By considering the conditions that the electric potential $ A_t $ should be finite at infinity and the parameter m should vanish at spacial infinity, the restrictions on $ \alpha $ for dilaton black holes coupled with the power-law Maxwell field were obtained [22] as $ 0\leqslant\alpha^2<n-2 $ for the case where $ \dfrac{1}{2}<p<\dfrac{n}{2} $, and as $ 2p-n<\alpha^2<n-2 $ for the case where $ \dfrac{n}{2}<p<n-1 $, where p describes the nonlinearity of the electromagnetic field. For the Maxwell field considered here, $ p = 1 $, reducing the corresponding restriction to $ 0\leqslant\alpha^2<n-2 $.

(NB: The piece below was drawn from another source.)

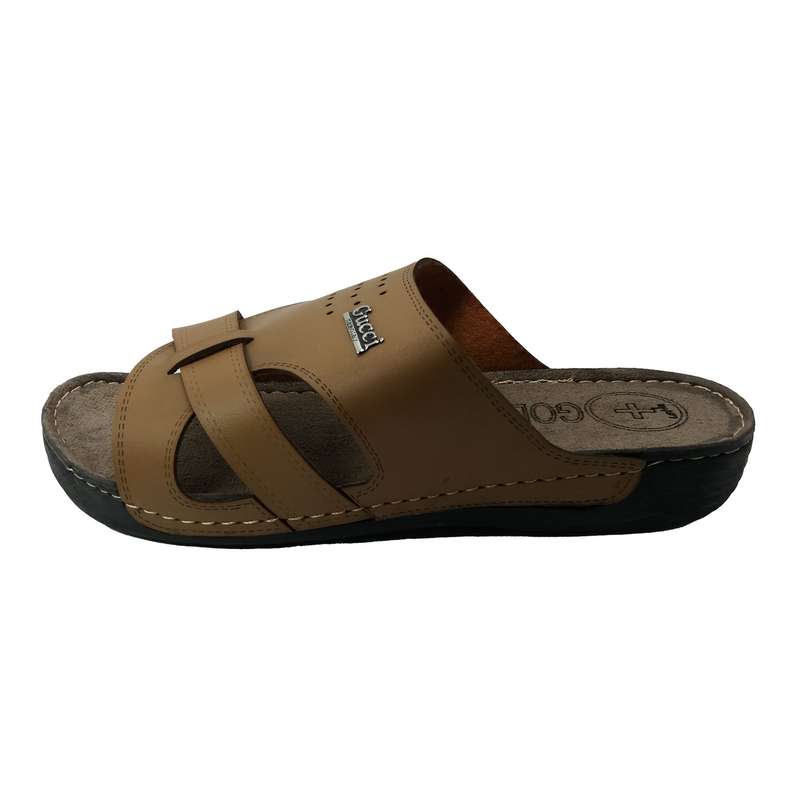 صندل مردانه مدل طبی خارپاشنه GOL510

To investigate the dynamic phase transition of charged dilaton black holes, we introduce the “Gibbs free energy landscape” and define the corresponding Gibbs free energy $ G_{\rm L} $ as $ G_{\rm L} = H-T_{\rm E}S $. Here, $ T_{\rm E} $ denotes the temperature of the ensemble. Via Eqs. (6) and (9), $ G_{\rm L} $ of the dilaton black hole is calculated as

$ \begin{aligned}[b]G_{\rm L} =& \frac{\omega_{n-1}b^{(n-1)\gamma}r_+^{n-2+(1-n)\gamma}}{16\pi}\Bigg\{\Bigg[\frac{2b^{-2(n-2)\gamma} q^2r_+^{2(n-2)(\gamma-1)}}{(n-1)(\alpha^2+n-2)}\\&-\frac{k(n-2)b^{-2\gamma}r_+^{2\gamma}}{(\alpha^2-1)(\alpha^2+n-2)}+\frac{16\pi P b^{2\gamma}r_+^{2(1-\gamma)}}{(n-1)(n-\alpha^2)}\Bigg] \\& \times(n-1)(1+\alpha^2)-4\pi r_+T_{\rm E}\Bigg\}, \end{aligned} $

(10)

where we have introduced the extended phase space and set the thermodynamic pressure as $ P = -\Lambda/8\pi $.
To observe the behavior of $ G_{\rm L} $$ G_{\rm L} $ it is plotted for various temperatures in Figs. 1(b)-1(f). We chose five characteristic temperatures, namely, $ T_1 $, $ T_2 $, $ T_3 $, $ T_4 $, and $ T_5 $. From Fig.1(a), we observe that $ T_1 $ and $ T_5 $ each correspond to a single phase, $ T_2 $ and $ T_4 $ correspond to three phases, and $ T_3 $ corresponds to two phases (one being a coexistent phase). All phases are denoted by black dots in Fig. 1. When $ T_{\rm E} = T_1 $ and $ T_{\rm E} = T_5 $, there is only one local minimum (forming one well in the curve). For $ T_{\rm E} = T_2 $ and $ T_{\rm E} = T_4 $, there are two local minimums and one local maximum (leading to two wells of different depths). For the case of $ T_{\rm E} = T_3 $, there are two local minimum points (denoting the stable black hole phases) and one local maximum point (denoting the unstable black hole phase), that is, there are two wells also in the curve. However, in contrast to the $ T_{\rm E} = T_2 $ and $ T_{\rm E} = T_4 $ cases, these wells have the same depth. Therefore, Fig. 1(d) represents the phase transition between the small black hole and large black hole.
Figure1. (color?online)?$ \alpha = 0.2 $ and $ P = 0.003 $. (a) $ G-T $, (b) $ G-r_{+} $ for $ T_{1} = 0.0444 $, (c) $ G-r_{+} $ for $ T_{2} = 0.0451 $ , (d) $ G-r_{+} $ for $ T_{3} = 0.0453 $, (e) $ G-r_{+} $ for $ T_{4} = 0.0456 $, and (f) $ G-r_{+} $ for $ T_{5} = 0.0466 $.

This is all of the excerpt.